When Hollywood-obsessed Lenny finds Cuba Gooding Jnr’s Best Supporting Oscar for Jerry Maguire in the trash, he and Abbott suddenly find themselves signed up by ambitious agent Casey Siegel (Ubach), who pitches their story to all the networks and turns them into overnight celebrities. However, the pair’s new-found fame soon begins to put a strain on their relationship.
Volken’s script serves up some enjoyable Hollywood satire, but it lacks bite overall and doesn’t do anything that Netflix’s wonderful animated comedy Bojack Horseman isn’t doing a thousand times better. That said, there are some nice running gags (e.g. Lenny’s unsuccessful attempts to get people to refer to them as something other than garbage men) and a handful of amusing moments that hit home, such as Lenny being introduced to William Baldwin at a party and blurting out, “You eat a lot of fish sticks…”
The film’s main strength lies in the performances of its two unknown actors and the touching depiction of their friendship. Rees (who bears a weird, Hollywood-appropriate resemblance to Edward G. Robinson) is particularly effective as Lenny, a small-time dreamer who suddenly gets a shot at the limelight, while the larger-built Huck (there’s a physical echo of Of Mice and Men’s George and Lenny that doesn’t really pay off) is very likeable as his quieter, easy-going partner, his face perpetually plastered with an endearingly goofy grin.

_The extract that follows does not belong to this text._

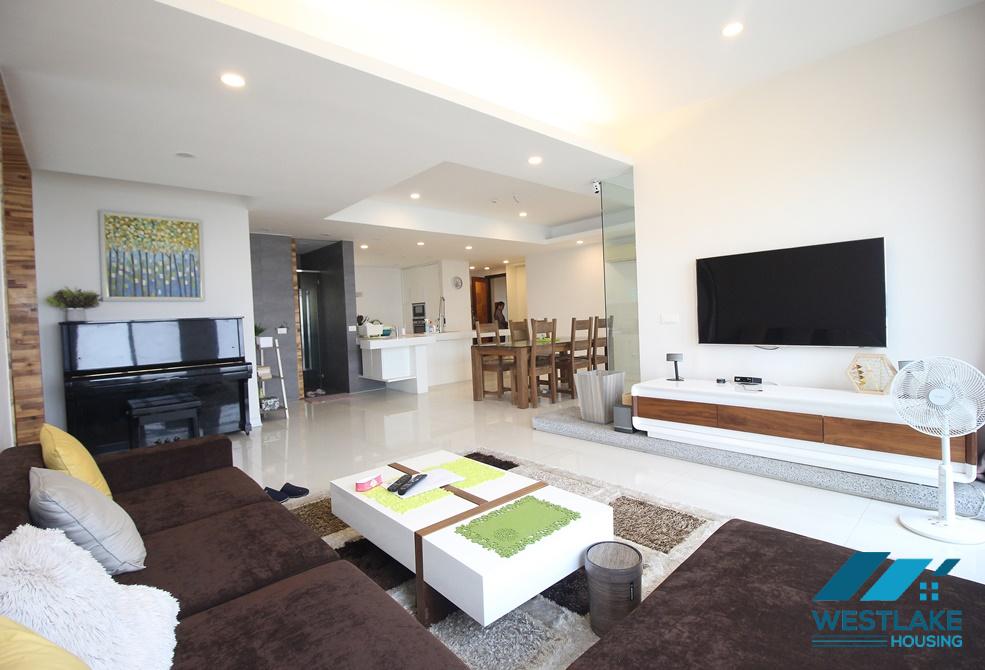 Newly three bedrooms apartment for rent in Ciputra, Tay Ho, Ha Noi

There’s a bittersweet quality to the film that’s surprisingly moving and the film doesn’t always play out the way you expect, especially in a scene involving Lenny and a work colleague. In addition, there are some nice touches scattered throughout, such as Lenny having a signed photo of Emilio Estevez, who starred in 1990’s Men At Work, the only known Hollywood movie about garbage men.
The film’s main problem is its lack of ambition, which leads to a handful of moments that feel like missed opportunities for character depth, most notably Lenny failing to perform sexually after he uses the Oscar to lure a woman back to his apartment after a night in a bar. It also doesn’t help that we never actually see the Oscar, presumably due to some tightly controlled copyright enforcement on the part of the Academy.
The result is an engaging and sweet-natured indie comedy that’s never less than watchable, although it never quite delivers any big laughs and settles for mild satire rather than putting the boot in.